Short descriptive text snippets
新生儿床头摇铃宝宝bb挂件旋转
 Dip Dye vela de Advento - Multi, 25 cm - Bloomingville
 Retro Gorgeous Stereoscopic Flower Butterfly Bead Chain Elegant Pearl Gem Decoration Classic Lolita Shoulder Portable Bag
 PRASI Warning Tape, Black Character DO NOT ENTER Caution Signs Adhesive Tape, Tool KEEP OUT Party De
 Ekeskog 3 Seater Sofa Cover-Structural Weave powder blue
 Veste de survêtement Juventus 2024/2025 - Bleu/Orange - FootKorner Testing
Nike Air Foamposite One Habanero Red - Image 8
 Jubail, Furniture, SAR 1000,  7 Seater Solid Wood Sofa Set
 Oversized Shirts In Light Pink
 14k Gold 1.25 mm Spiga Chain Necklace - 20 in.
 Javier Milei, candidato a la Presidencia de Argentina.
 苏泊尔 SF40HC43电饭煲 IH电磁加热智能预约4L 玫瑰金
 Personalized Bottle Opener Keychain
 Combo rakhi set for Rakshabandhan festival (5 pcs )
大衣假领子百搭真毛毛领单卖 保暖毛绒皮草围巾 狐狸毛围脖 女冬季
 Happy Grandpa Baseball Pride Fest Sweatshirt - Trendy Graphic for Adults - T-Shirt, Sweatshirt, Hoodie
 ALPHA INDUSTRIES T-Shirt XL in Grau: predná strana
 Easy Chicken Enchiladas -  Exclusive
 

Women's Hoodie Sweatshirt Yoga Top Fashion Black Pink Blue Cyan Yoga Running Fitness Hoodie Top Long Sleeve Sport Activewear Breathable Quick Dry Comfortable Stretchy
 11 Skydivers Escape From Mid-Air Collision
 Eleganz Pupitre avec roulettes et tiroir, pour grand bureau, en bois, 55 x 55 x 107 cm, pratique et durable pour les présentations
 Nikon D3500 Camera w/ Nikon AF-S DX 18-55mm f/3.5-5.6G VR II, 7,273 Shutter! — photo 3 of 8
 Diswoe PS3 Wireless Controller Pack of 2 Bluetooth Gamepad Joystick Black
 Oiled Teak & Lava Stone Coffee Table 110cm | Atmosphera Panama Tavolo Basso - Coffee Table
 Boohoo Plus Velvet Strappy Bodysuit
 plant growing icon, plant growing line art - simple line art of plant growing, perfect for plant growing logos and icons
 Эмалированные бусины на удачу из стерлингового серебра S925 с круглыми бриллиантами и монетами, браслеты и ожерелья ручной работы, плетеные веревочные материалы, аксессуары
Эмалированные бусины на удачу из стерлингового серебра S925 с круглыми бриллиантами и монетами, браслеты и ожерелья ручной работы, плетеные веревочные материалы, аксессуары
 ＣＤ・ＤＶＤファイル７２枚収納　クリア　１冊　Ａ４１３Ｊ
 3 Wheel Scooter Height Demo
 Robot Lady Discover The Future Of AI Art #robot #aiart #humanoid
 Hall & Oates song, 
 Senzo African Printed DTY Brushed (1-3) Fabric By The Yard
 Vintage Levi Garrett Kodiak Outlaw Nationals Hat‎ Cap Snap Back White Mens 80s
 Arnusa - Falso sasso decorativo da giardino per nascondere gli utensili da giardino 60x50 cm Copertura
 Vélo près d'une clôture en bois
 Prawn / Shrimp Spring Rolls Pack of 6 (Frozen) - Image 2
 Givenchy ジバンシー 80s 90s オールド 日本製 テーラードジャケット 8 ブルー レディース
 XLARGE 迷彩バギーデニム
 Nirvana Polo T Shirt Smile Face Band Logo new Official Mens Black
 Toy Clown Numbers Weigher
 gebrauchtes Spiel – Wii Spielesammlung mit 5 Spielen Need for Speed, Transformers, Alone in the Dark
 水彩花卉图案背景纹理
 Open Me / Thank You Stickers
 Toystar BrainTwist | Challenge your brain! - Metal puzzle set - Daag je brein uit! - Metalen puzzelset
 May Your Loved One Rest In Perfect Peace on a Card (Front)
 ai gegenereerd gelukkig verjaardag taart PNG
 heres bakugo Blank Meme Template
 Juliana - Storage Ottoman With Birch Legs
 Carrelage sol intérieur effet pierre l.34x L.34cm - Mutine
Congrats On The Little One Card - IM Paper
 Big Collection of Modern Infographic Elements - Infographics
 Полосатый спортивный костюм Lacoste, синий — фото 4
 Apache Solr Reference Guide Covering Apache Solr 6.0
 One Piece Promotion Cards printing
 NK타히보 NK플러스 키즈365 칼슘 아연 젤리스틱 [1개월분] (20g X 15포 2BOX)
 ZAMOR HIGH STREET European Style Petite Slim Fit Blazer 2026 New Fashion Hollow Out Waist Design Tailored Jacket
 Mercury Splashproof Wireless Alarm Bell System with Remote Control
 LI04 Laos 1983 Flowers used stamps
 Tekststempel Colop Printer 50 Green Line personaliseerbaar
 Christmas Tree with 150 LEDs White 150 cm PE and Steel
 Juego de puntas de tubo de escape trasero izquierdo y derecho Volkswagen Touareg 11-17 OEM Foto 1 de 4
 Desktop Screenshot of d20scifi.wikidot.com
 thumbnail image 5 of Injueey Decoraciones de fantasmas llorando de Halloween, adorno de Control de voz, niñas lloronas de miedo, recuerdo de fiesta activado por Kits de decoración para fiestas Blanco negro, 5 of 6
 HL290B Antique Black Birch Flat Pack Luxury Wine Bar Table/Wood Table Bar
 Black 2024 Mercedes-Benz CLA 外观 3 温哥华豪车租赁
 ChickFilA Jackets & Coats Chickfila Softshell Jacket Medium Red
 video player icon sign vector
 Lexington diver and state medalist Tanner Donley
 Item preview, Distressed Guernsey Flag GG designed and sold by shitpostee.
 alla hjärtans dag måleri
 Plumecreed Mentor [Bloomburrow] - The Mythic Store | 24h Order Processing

TO DO - A single number is the expected answer: how many lines of the entries contain "материалы".

WRITTEN RESPONSE - 2